3.3. MR Investigates the Correlation Between Plasma AA Concentrations and the Risk of Developing T2DM
In this study, we conducted a two‐sample MR analysis using 20 common plasma AAs as exposure factors and T2DM as the outcome. We elected the IVW method as our primary analytical approach, while alternative methods, such as MR‐Egger, weighted median, and weighted mode, also provided valuable insights. Figure 4 presents the findings from our study, employing the IVW method, which suggests a causal association between plasma levels of glutamine (OR = 0.96, 95% CI: 0.93, 1.00, p = 0.030) and glycine (OR = 0.88, 95% CI: 0.78, 0.99, p = 0.034) with the incidence of T2DM. These results are in concordance with the analytical outcomes derived from the UKB database. In contrast, alanine, valine, and histidine were not found to be causally linked to T2DM. Notably, leucine is identified as a protective factor against T2DM, with a significant causal relationship (OR = 0.63, 95% CI: 0.42, 0.95, p = 0.026).
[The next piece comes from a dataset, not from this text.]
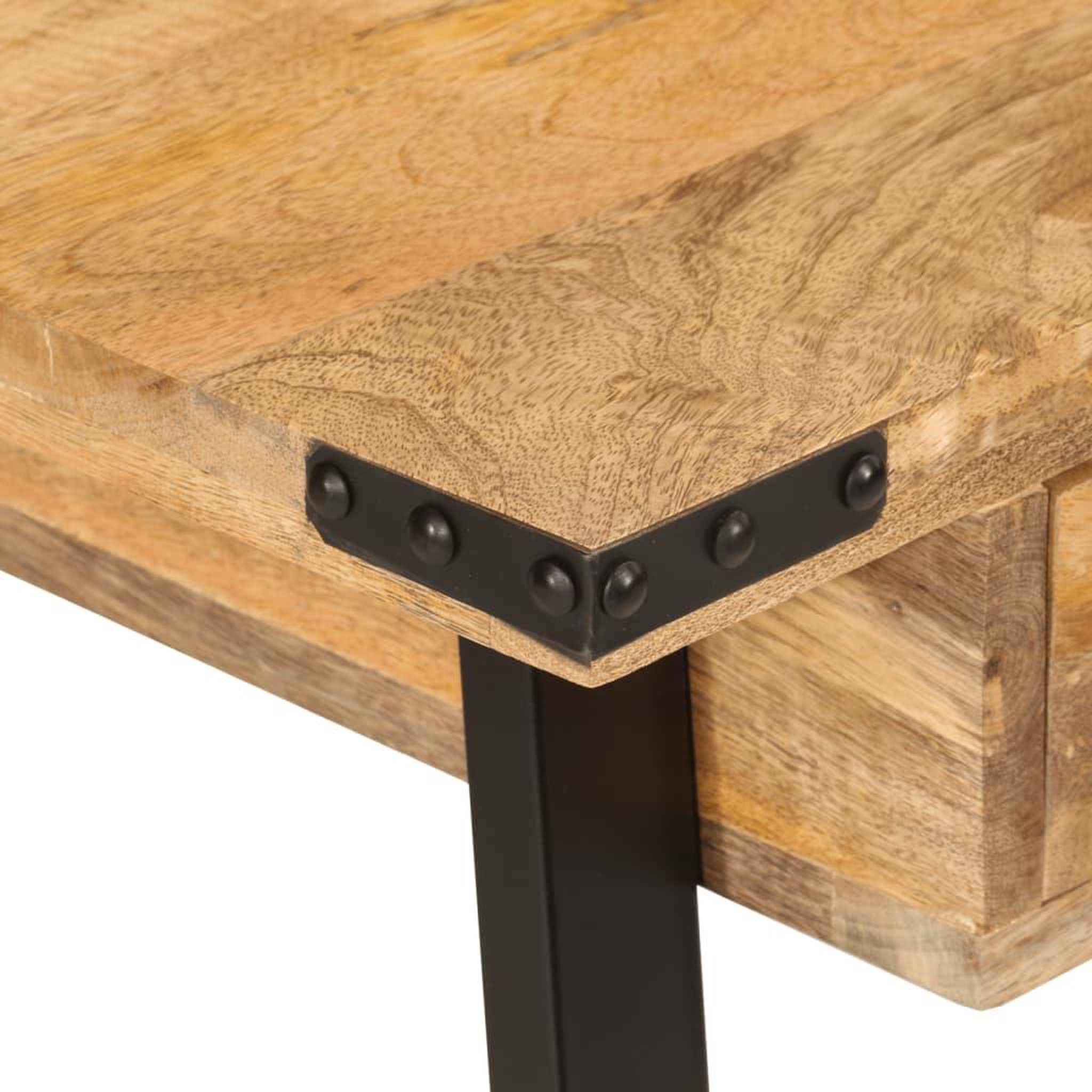 Voir la diapositive 5 : VIDAXL Bureau avec tiroirs 105x55x70 cm bois de manguier massif et fer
Furthermore, other AAs, including aromatic AAs and methionine, were not determined to have a causal relationship with the development of T2DM.
Positive results of a two‐sample MR study on 20 common AAs and T2DM. IVW, inverse variance weighted; OR, odds ratio; CI, confidence interval.
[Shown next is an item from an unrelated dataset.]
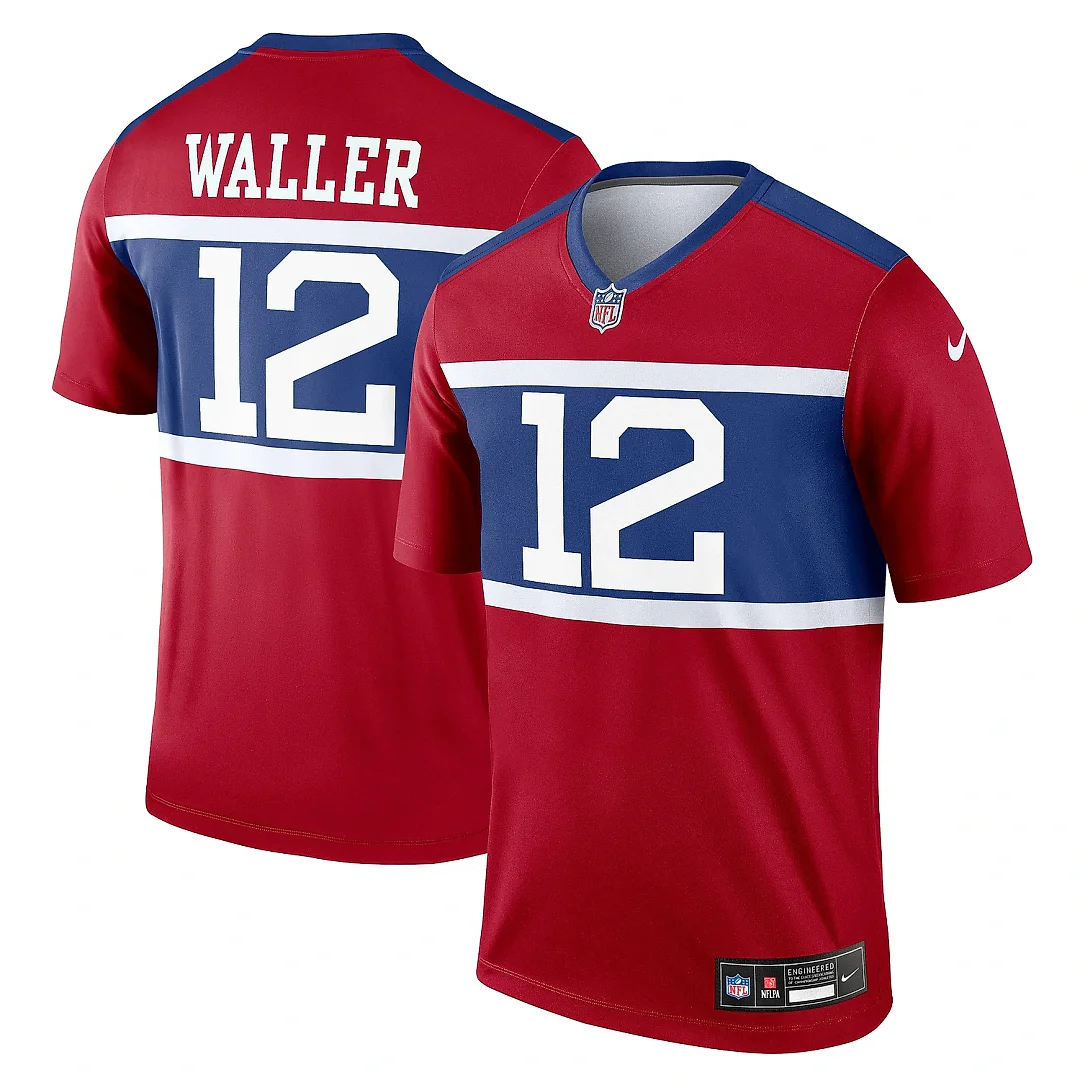 Zennovawear Men's New York Giants Darren Waller Red Alternate Legend Player Performance Top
To further validate the robustness of these findings, we constructed a scatter plot, funnel plot, and forest plot and performed leave‐one‐out analyses (Figure S1). The forest plots displayed the effect estimates for each SNP in the IVW analysis, while the scatter plots visually represented the estimates of the effects of each SNP on AAs and T2DM. These funnel plots revealed a certain degree of heterogeneity, which may indicate the diverse impacts of the selected SNPs used to represent AA levels (genetic instruments) on disease outcome. However, through MR‐Egger regression analysis, we found no strong evidence of horizontal pleiotropy, suggesting that genetic variants primarily influence outcomes through AAs rather than through other confounding biological pathways. The leave‐one‐out analysis, which involved excluding each SNP one by one and recalculating the estimates, further confirmed that our main findings were not driven by any single SNP, lending support to the robustness of our analysis.
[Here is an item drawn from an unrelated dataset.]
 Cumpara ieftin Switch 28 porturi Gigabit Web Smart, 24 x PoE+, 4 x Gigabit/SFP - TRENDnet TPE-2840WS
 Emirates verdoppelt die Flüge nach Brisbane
3.4. Demographic Information, AA Levels, and Related Complications in Patients With T2DM
In a cohort of 14,066 patients diagnosed with T2DM, demographic stratification revealed a median age of 60 years (interquartile range [IQR]: 53–65). Among these individuals, 46.5% were female, and 53.5% were male. The prevalence of smoking was notable, with 53.5% of participants identified as smokers, while a significant majority, 91.4%, reported alcohol consumption. Hypertension was present in 40.7% of the cohort, accompanied by a median BMI of 30.7 (IQR: 27.6–34.6). AA levels, assessed through nuclear magnetic resonance, exhibited the following concentrations: alanine at 0.318 mmol/L (IQR: 0.265–0.379), glutamine at 0.533 mmol/L (IQR: 0.474–0.591), glycine at 0.139 mmol/L (IQR: 0.112–0.172), histidine at 0.064 mmol/L (IQR: 0.057–0.071), and valine at 0.227 mmol/L (IQR: 0.200–0.259). Complications associated with T2DM were relatively infrequent within this population. Specifically, renal complications were reported in only 156 patients (1.1%), while 1173 (8.3%) experienced ophthalmic issues, 353 (2.5%) had neurological complications, and 238 (1.7%) faced peripheral circulatory conditions. Notably, IR was prevalent, with 9010 patients (64.1%) exhibiting this condition (Table 2).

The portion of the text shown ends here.